The regime was in charge until 1979 when the Vietnamese captured Phonm Penh, the capital of Cambodia. During these four years, nearly two million people died. Most of them imprisoned, tortured and murdered which led to hundreds of mass graves in Cambodia.
S21- Cambodia’s most famous Prison
S21 used to be a high school in its earlier days, which then was turned into a high security prison by the Khmer Rouge. It was one out of 150 execution centres in Cambodia at the time. The prison is located in Phnom Penh and the number of people who were imprisoned is still unknown.
What is known, however, is that out of the estimated 17000-20000 prisoners only a handful survived. People were tortured on a daily basis, forced to write wrong confessions and give up the name of family members, who would then be imprisoned themselves.
S21 is now a museum, informing visitors as well as locals about the tragic history of the country. It is definitely not an easy place to visit. But necessary to understand what actually happened and to know why Cambodia is the way it is.
As a visitor you will be confronted with pictures of prisoners, torture methods, real human skulls and a lot of history.
It wasn’t allowed to take pictures inside, which is why I can only show you pictures of the buildings itself, but even more of a reason for you to experience it for yourself.
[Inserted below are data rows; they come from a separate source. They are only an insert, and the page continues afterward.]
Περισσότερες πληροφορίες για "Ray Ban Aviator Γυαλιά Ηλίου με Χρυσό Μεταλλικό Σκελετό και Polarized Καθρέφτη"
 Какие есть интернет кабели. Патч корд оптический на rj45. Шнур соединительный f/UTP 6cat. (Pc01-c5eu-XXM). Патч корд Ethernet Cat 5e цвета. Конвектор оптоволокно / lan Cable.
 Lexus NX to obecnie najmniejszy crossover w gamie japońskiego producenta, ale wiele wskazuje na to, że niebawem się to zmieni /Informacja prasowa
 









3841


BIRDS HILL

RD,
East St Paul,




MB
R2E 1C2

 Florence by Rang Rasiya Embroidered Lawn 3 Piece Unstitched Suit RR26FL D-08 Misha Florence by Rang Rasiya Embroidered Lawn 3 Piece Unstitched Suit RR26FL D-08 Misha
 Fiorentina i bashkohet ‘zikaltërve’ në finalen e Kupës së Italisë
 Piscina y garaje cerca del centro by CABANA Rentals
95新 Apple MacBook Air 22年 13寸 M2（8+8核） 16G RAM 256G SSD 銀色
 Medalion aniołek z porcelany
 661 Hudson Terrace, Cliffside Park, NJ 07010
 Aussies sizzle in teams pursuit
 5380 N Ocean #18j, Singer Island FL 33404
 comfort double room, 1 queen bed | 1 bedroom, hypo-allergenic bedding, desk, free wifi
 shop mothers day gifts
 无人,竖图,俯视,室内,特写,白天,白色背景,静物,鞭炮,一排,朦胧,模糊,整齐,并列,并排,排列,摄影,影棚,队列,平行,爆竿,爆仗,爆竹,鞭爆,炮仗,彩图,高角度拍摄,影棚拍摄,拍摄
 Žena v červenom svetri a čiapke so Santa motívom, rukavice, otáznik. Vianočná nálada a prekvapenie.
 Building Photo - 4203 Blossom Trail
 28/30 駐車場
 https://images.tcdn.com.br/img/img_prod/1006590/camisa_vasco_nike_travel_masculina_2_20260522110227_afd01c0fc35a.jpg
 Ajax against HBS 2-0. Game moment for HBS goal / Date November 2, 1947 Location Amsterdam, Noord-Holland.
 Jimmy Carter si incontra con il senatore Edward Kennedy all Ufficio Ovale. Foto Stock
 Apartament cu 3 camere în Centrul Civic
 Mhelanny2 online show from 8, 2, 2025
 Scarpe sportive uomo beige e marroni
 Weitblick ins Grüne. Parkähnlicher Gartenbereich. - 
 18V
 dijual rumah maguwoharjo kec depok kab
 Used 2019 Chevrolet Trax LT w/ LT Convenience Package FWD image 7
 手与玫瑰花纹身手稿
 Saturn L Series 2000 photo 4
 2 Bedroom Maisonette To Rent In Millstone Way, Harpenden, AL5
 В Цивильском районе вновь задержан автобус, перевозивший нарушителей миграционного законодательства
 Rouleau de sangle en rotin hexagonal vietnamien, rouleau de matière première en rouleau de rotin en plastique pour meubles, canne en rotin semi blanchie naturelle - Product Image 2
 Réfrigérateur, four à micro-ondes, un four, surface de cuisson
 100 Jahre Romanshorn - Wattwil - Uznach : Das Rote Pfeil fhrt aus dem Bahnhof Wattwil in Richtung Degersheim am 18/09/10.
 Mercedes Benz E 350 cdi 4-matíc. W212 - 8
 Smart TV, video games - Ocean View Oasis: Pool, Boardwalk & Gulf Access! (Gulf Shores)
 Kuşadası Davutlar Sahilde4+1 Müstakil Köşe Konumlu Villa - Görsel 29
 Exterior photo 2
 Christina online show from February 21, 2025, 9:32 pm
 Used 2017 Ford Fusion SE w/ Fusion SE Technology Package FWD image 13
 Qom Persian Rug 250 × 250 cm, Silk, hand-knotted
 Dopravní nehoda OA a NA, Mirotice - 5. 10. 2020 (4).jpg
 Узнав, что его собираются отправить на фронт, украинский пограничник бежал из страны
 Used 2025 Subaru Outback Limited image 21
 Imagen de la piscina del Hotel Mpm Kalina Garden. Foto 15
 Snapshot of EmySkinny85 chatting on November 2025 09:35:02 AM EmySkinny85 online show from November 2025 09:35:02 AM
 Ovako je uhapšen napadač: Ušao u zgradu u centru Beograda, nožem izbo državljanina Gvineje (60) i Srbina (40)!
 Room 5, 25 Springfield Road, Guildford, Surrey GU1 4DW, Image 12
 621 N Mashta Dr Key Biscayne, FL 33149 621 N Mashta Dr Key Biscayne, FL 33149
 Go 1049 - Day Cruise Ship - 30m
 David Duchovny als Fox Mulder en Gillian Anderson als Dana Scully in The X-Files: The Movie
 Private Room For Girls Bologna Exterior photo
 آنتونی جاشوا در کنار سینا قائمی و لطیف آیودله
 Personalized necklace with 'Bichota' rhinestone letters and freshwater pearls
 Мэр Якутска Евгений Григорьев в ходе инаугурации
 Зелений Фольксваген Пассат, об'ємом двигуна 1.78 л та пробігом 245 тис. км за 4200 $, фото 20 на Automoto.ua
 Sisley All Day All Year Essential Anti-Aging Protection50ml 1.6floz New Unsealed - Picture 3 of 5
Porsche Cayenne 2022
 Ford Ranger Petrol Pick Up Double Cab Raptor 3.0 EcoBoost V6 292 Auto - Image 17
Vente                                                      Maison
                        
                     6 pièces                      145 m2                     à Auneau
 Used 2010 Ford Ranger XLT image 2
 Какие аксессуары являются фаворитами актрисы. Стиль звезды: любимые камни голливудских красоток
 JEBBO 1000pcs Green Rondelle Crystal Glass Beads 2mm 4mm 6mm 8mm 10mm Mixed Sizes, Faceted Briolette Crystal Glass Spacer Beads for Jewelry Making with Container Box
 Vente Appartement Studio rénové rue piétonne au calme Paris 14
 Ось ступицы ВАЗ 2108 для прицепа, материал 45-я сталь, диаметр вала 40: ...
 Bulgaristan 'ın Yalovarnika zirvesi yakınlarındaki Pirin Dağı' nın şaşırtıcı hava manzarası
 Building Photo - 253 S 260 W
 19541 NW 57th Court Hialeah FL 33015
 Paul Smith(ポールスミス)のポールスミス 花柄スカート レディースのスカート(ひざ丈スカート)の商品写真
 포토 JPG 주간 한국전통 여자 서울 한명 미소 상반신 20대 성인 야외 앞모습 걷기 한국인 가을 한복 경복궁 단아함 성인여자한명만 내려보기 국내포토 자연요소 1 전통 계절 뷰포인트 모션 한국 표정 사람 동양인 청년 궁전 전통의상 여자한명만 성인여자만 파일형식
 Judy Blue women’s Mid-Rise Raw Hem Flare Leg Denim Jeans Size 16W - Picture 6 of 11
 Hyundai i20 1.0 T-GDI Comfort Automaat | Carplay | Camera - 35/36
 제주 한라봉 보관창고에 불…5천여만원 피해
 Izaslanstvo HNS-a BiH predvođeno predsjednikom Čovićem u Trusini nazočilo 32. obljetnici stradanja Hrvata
How to get to the S21 Prison and what is the entry fee
The prison is located close to the centre of Phnom Penh and I’m sure it would be possible to walk, depending on where you are staying. However, I would recommend taking a Tuk Tuk. You can get the Tuk Tuk to wait for you outside and it will take you to another place after. If you want to visit the Killing Fields on the same day then you will definitely need a Tuk Tuk, since these are located a couple of kilometres out-of-town.
Entry is $5 without an audio guide and $8 with an audio guide. (I would 100% recommend an audio guide!!) The audio guide is available in a lot of different languages as well.
Tip: Pay in dollars, otherwise the exchange rate will be higher.
Killing Fields in Phnom Penh
The Prison could only hold a limited amount of people, which led to a lot of Killing Fields created by the Khmer Rouge. These are mass graves, where prisoners would be transported to in the middle of the night to be executed. In total, the Khmer Rouge was responsible for around 2 million deaths, out of a population of only 8 million people back then.
The best known of these killing fields would be Choeung Ek, which is located 17 kilometres South of Phnom Penh. It was built into a memorial which can be visited by tourists. In the heart of is a Buddhist Stupa, which is filled with more than 5000 human skulls.
The price is $8 dollars for visitors, including an audio guide. The audio guide is this time absolutely necessary as you make your way around the mass graves and the famous killing tree. Most buildings that used to be there, do not exist anymore, so you need to listen to understand what happened there.
Still to this day, the population of Cambodia has to recover from this nightmare. Even those people that survived the Khmer Rouge regime, have lost family members and are still traumatised by the events. Thousands of people became refugees and fled their own country. These factors contribute to Cambodia’s poverty these days.
Overall it’s been a very sad day, but also really informational and educational. Even after I had already entered Cambodia I didn’t really know much about its history. This visit to Phnom Penh has definitely changed that.
I believe, learning about the past and present of a country is fundamental for getting to know a culture. It can’t therefore always be beaches and sunshine.
So if you think you can handle it, then I would recommend a visit to both of these places when traveling to Phnom Penh.